A:i think the market space is large enough. whether it is scientific research, medicine, or materials, the addition of ai can actually solve problems, at least at the experimental level, help researchers improve experimental results, and reduce the burden of experiments.

in terms of overall customer acceptance, part of the cost in many scenarios for us is to educate users. for example, in the pharmaceutical field, we establish long-term cooperative relationships with our customers because we need to accompany them through the entire verification cycle.

in comparison, the materials field is much faster. for example, the research and development cycle of batteries is quite fast. if the effect of the electrolyte ratio can be predicted using ai, preparation verification can be carried out very quickly.

at the national level, the ministry of science and technology, together with the national natural science foundation of china, has launched the al for science special deployment work. this also further shows that from the social and economic level to the national macro-policy, there is optimism and strong support for this, which is definitely a future direction, no doubt.

q: ai for science is still in its early stages. what stage will it reach in the next three years?

A:i think at least all customers will have a unified understanding of this matter. now everyone has begun to actively embrace ai and has a deeper understanding of ai. all industries will not feel unfamiliar or repulsive to this term and have a relatively positive attitude. the next step is how we can establish a similar co-creation partnership with customers, after all, this industry is a data-sensitive industry. at the three-year node, we also hope to help customers come up with some practical implementation scenarios.

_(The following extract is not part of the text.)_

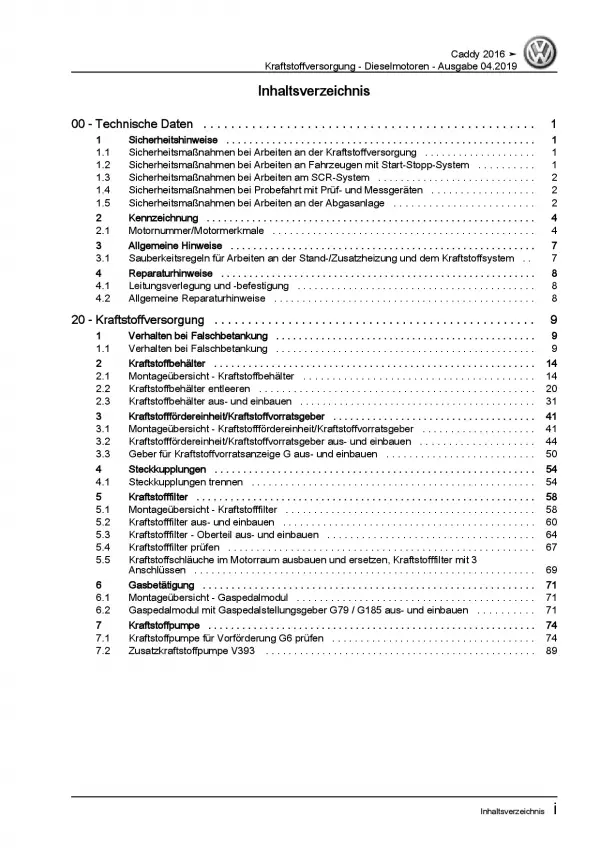 VW Caddy SA ab 2015 Kraftstoffversorgung Dieselmotoren Reparaturanleitung PDF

in fact, i think if we can consider the value point a little more clearly, customers will be very receptive, because overall, whether it is pharmaceutical companies or the new energy mentioned earlier, everyone is paying more and more attention to innovation investment. we also hope to help innovate the entire scientific research paradigm, including scientific research infrastructure and various upper-level scenarios, which can be connected through our scientific research platform and then empower various industries.